Julia Evans

Day 21: Trying to TCP

Today I started trying to write a TCP stack. In Python. We will see if this is a good idea.

I’m using scapy. I talked about scapy on Thursday – it’s a great tool for playing with low-level networking stuff in Python.

So. I’ve gotten a TCP handshake working. The way this goes is you send a SYN, then get back a SYN-ACK, then send an ACK.

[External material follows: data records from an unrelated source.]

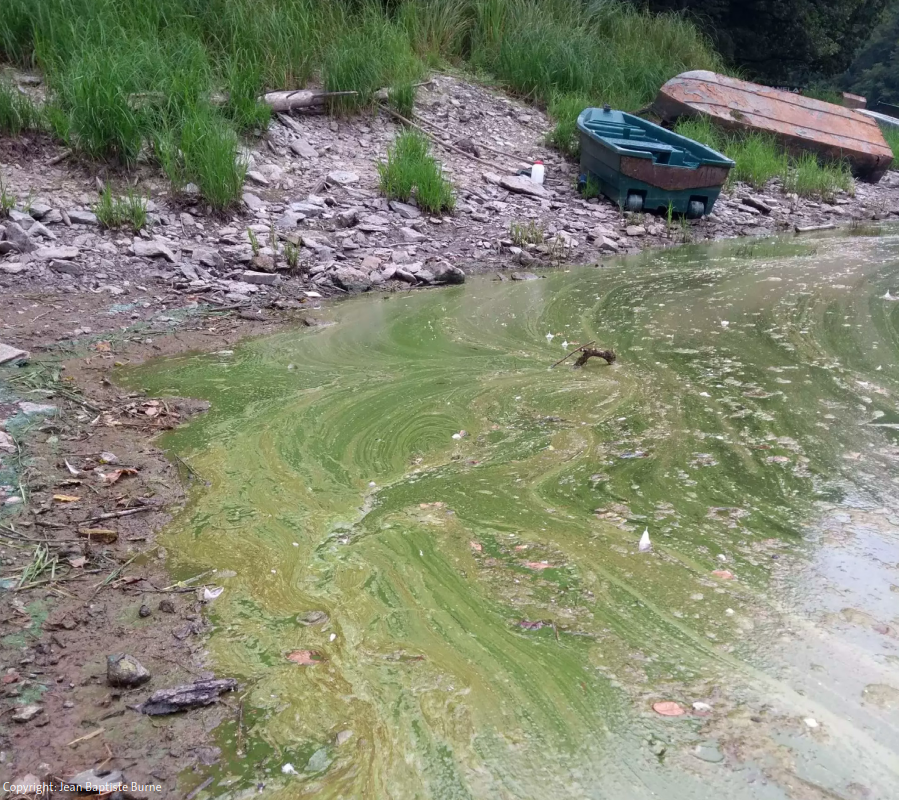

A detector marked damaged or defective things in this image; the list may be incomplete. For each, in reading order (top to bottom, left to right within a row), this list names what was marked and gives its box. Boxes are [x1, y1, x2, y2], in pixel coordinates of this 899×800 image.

rusty orange boat [652, 70, 892, 181]
broken pottery shard [500, 174, 548, 198]
broken pottery shard [0, 346, 27, 368]
broken pottery shard [135, 680, 237, 716]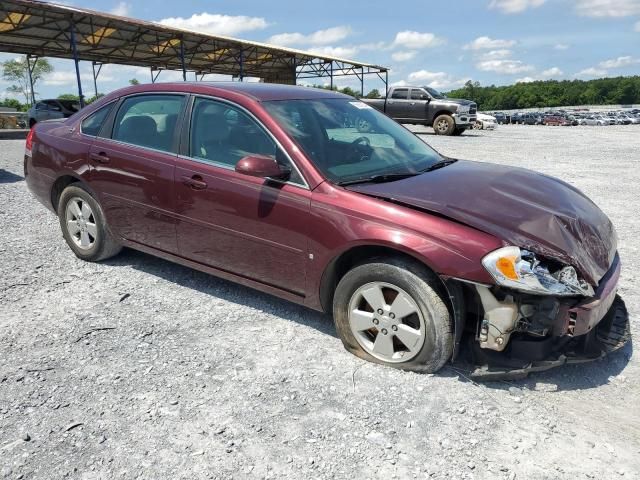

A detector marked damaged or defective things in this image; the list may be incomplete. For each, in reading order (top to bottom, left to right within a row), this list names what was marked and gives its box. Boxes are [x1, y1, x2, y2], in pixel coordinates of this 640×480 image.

crumpled hood [348, 159, 616, 284]
broken headlight [484, 248, 596, 296]
damaged front end [458, 248, 628, 378]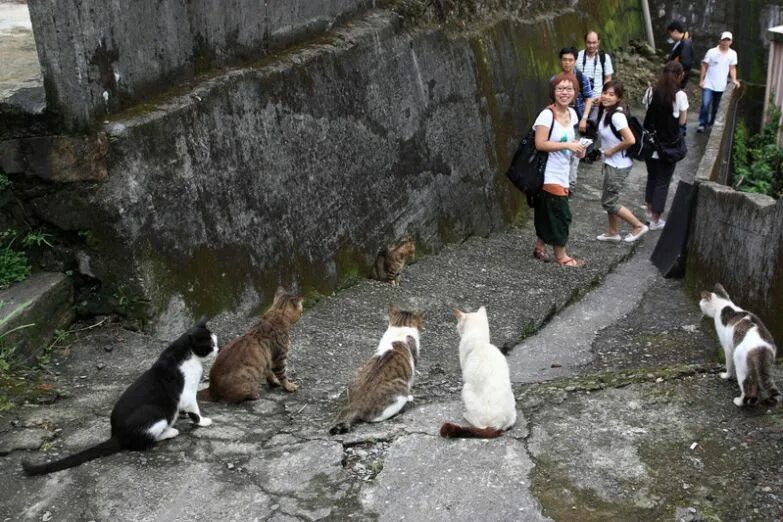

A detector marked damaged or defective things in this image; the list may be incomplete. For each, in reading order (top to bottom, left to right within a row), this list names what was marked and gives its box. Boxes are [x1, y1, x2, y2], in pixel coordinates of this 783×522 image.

cracked concrete ground [1, 118, 783, 520]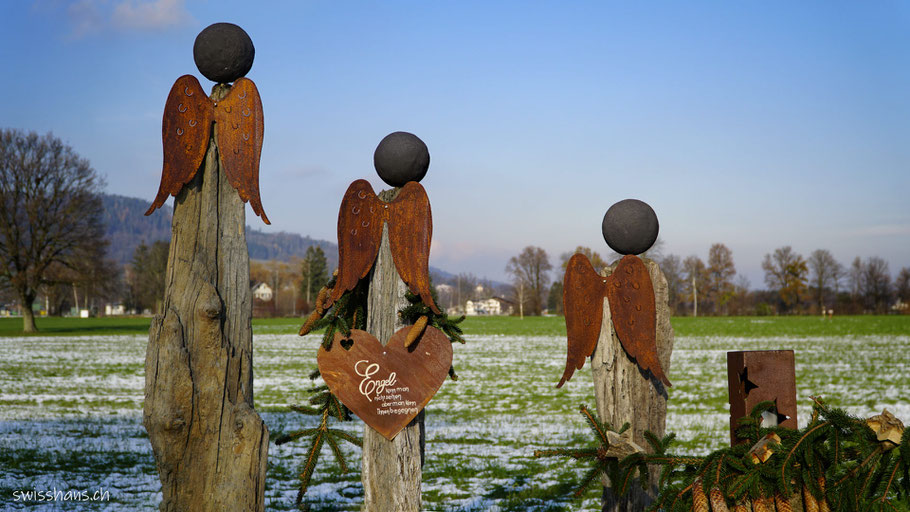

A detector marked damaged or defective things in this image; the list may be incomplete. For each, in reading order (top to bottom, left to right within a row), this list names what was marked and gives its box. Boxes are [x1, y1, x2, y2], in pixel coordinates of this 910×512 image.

rusty metal wing [148, 74, 216, 214]
rusty metal angel [144, 23, 268, 224]
rusty metal wing [216, 76, 268, 224]
rusty metal wing [324, 178, 384, 310]
rusty metal angel [324, 131, 442, 316]
rusty metal heart [318, 326, 452, 438]
rusty metal wing [388, 182, 442, 314]
rusty metal wing [560, 252, 608, 388]
rusty metal angel [560, 200, 672, 388]
rusty metal wing [604, 254, 668, 386]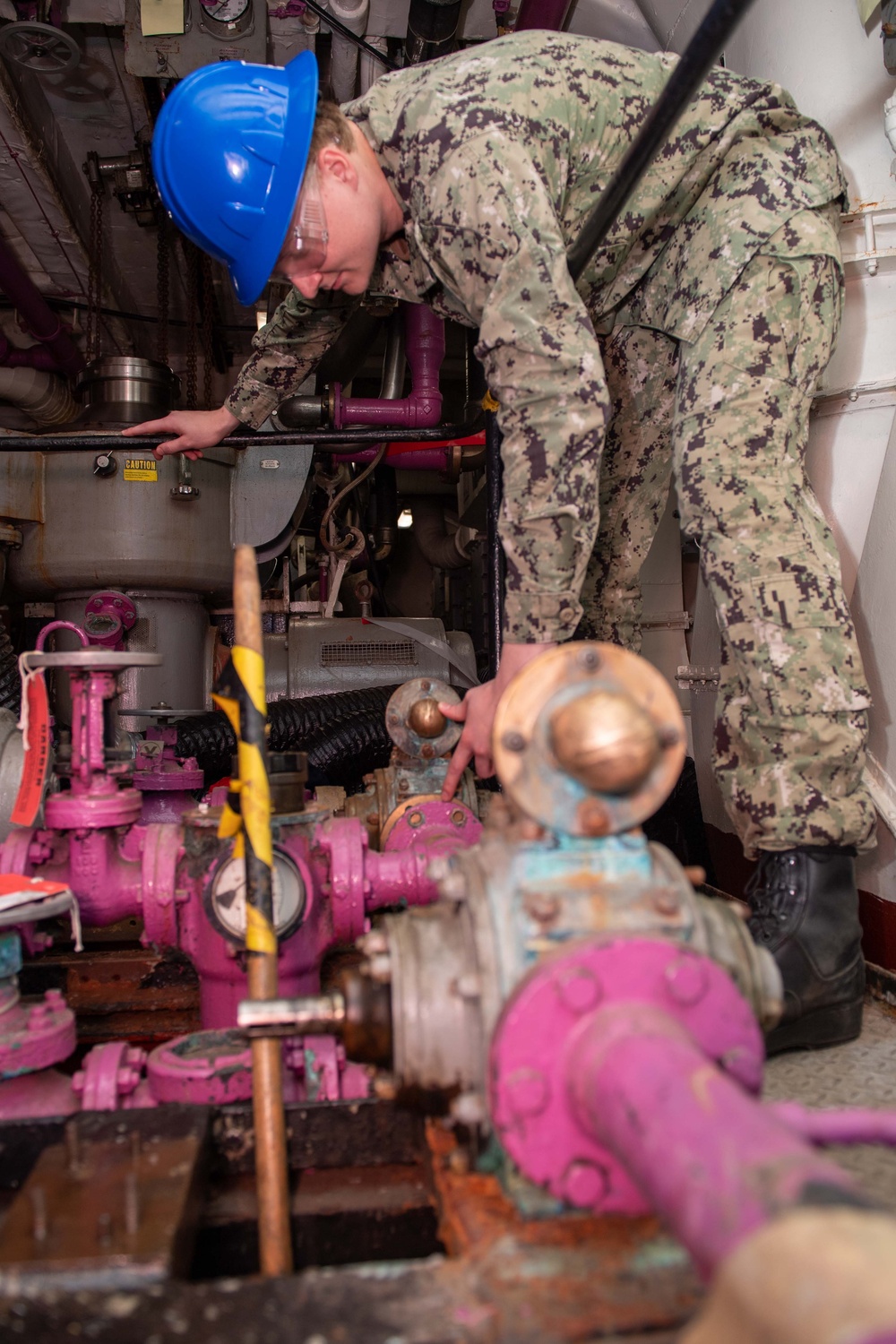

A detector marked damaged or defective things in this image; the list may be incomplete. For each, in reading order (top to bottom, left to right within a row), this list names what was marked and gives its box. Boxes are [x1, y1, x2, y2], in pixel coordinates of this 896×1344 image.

rusty metal surface [20, 941, 202, 1043]
rusty metal surface [0, 1102, 208, 1290]
rusty metal surface [426, 1124, 698, 1344]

I tried this TCP handshake code first:

dest = "google.com"
source_port += 1 # We need to set a different source port every time
ip_header = IP(dst=dest)
ans = sr1(ip_header / TCP(dport=80, flags="S", seq=random.randint(0, 1000))) # Send SYN, receive SYN-ACK
reply = ip_header / TCP(dport=80, seq=ans.ack, ack = ans.seq + 1, flags="A") # ACK
send(reply) # Send ACK

This did NOT WORK. Upon inspecting Wireshark, it turned out that my machine was the problem: it was sending out a RST (reset) packet after I got a SYN-ACK packet back from Google. What’s up with that?

Well, I already have a network stack on my machine, and it was like “what’s this SYN-ACK packet? I didn’t ask for this!“. So it would just reset the connection.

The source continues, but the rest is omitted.